To do
Write out the data word for word, taking care that no picture is carried over.

Data for review
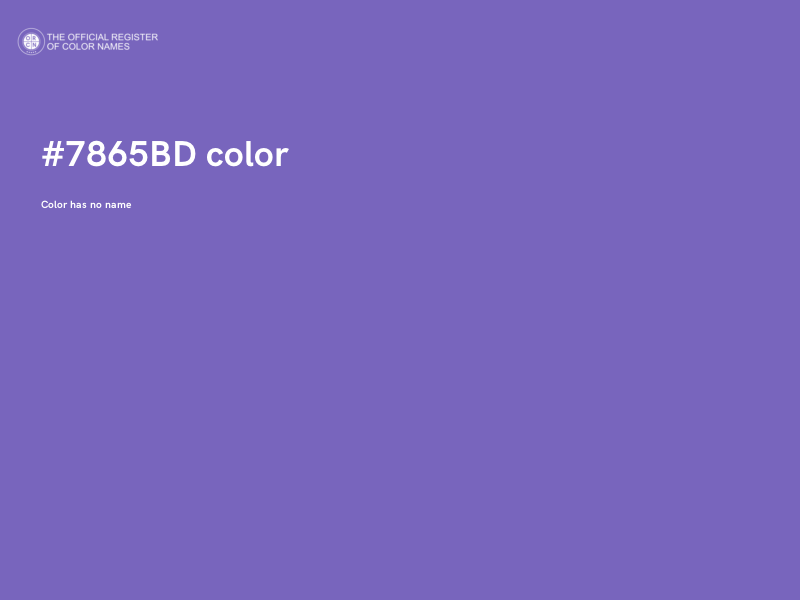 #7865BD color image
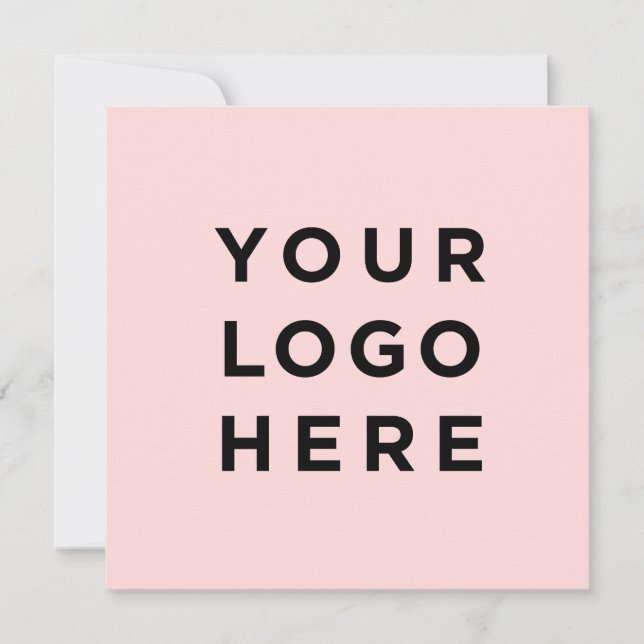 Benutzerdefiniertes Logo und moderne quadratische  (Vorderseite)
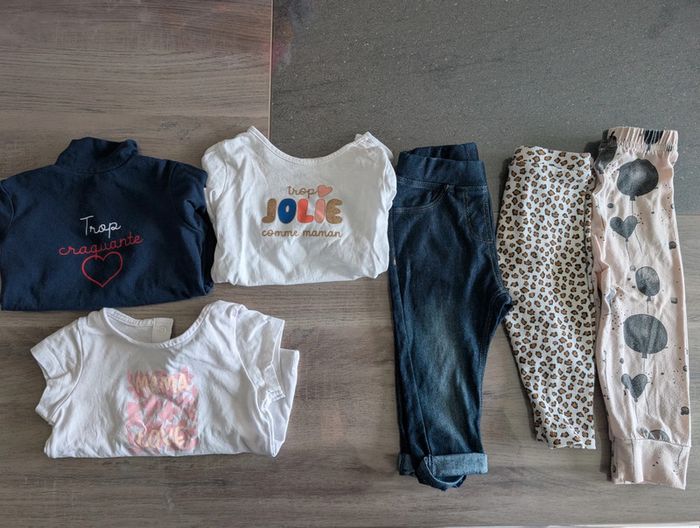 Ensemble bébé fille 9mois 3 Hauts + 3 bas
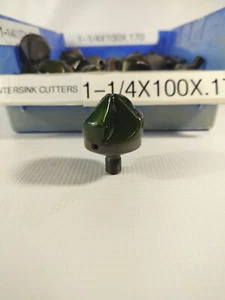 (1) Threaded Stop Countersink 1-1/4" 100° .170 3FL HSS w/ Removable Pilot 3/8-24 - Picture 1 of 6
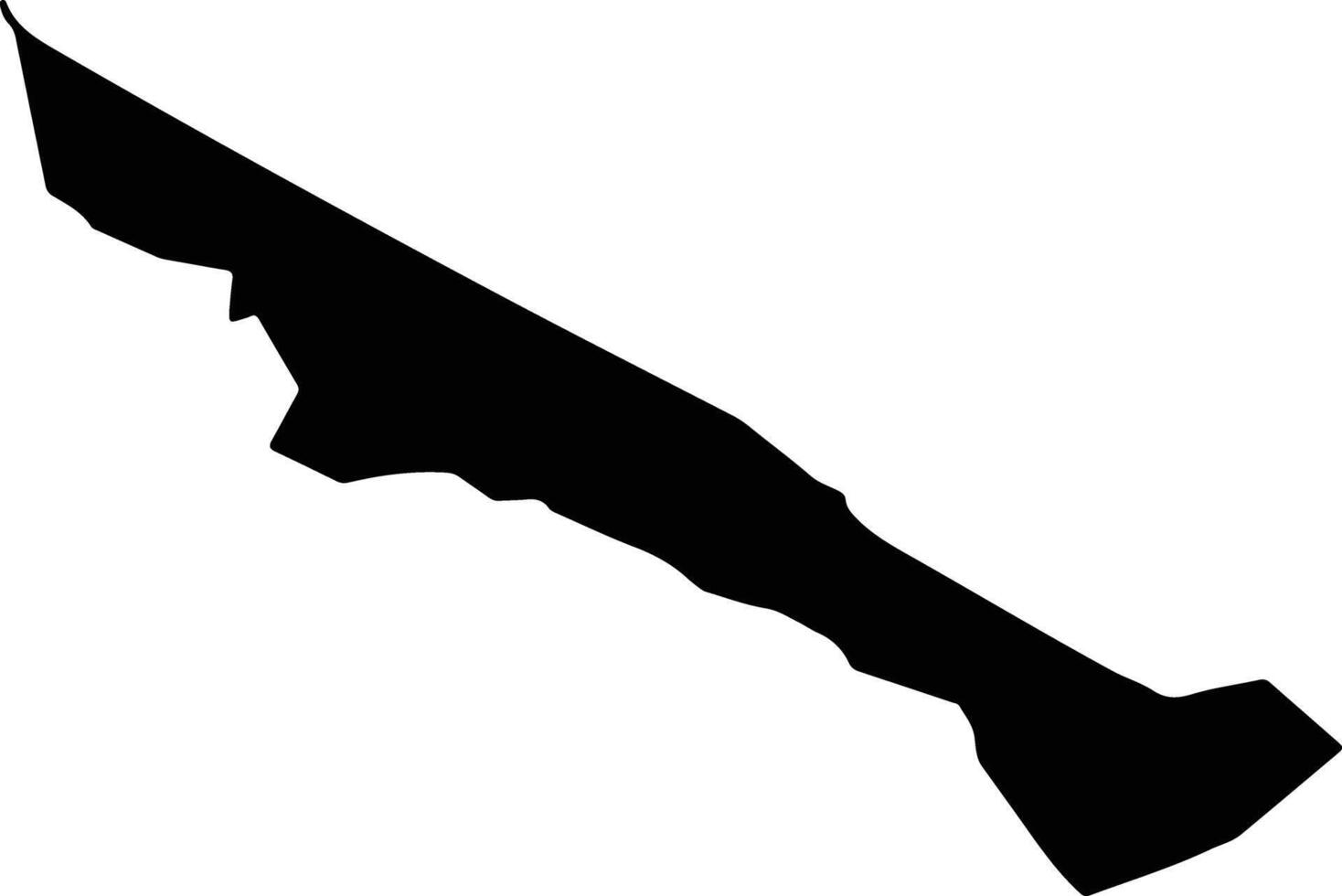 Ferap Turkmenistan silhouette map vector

Final answer
 #7865BD color image
 Benutzerdefiniertes Logo und moderne quadratische  (Vorderseite)
 Ensemble bébé fille 9mois 3 Hauts + 3 bas
 (1) Threaded Stop Countersink 1-1/4" 100° .170 3FL HSS w/ Removable Pilot 3/8-24 - Picture 1 of 6
 Ferap Turkmenistan silhouette map vector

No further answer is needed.